Problem details:
Find the line containing "Pareja de sillas". Retype it and every line after it through the end of the entries, exactly as written, with nothing added.
########################################
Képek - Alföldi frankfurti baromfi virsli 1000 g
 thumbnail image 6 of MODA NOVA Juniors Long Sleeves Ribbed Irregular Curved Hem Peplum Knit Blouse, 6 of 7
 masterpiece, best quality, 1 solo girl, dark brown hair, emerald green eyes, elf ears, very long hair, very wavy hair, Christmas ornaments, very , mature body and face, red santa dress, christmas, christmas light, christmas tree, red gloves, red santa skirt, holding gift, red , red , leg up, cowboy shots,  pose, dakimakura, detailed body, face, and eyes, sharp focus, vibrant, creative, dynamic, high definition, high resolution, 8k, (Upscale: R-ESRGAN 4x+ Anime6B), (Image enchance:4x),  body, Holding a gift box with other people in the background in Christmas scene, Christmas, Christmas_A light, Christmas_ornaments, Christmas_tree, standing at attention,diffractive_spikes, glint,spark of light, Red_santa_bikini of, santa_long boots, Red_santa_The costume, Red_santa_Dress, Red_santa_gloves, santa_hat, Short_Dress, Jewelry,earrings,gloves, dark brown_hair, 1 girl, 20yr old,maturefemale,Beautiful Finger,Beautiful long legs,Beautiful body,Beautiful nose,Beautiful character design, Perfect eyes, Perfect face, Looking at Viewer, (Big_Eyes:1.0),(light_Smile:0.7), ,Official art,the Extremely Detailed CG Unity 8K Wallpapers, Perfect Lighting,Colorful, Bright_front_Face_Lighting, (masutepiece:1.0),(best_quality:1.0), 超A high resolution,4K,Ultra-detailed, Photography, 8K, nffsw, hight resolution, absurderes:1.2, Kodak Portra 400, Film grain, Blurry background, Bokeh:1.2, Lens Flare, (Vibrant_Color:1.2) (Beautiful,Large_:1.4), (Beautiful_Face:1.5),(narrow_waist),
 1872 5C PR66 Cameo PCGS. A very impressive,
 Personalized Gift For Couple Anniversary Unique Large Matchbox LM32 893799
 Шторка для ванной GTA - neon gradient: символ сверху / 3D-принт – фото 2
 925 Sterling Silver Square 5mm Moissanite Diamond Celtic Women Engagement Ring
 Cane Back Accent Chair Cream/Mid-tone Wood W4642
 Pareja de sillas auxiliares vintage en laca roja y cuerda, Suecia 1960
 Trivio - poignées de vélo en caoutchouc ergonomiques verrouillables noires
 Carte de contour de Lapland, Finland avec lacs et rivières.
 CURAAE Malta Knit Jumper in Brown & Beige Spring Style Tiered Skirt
########################################
Your solution:
 Pareja de sillas auxiliares vintage en laca roja y cuerda, Suecia 1960
 Trivio - poignées de vélo en caoutchouc ergonomiques verrouillables noires
 Carte de contour de Lapland, Finland avec lacs et rivières.
 CURAAE Malta Knit Jumper in Brown & Beige Spring Style Tiered Skirt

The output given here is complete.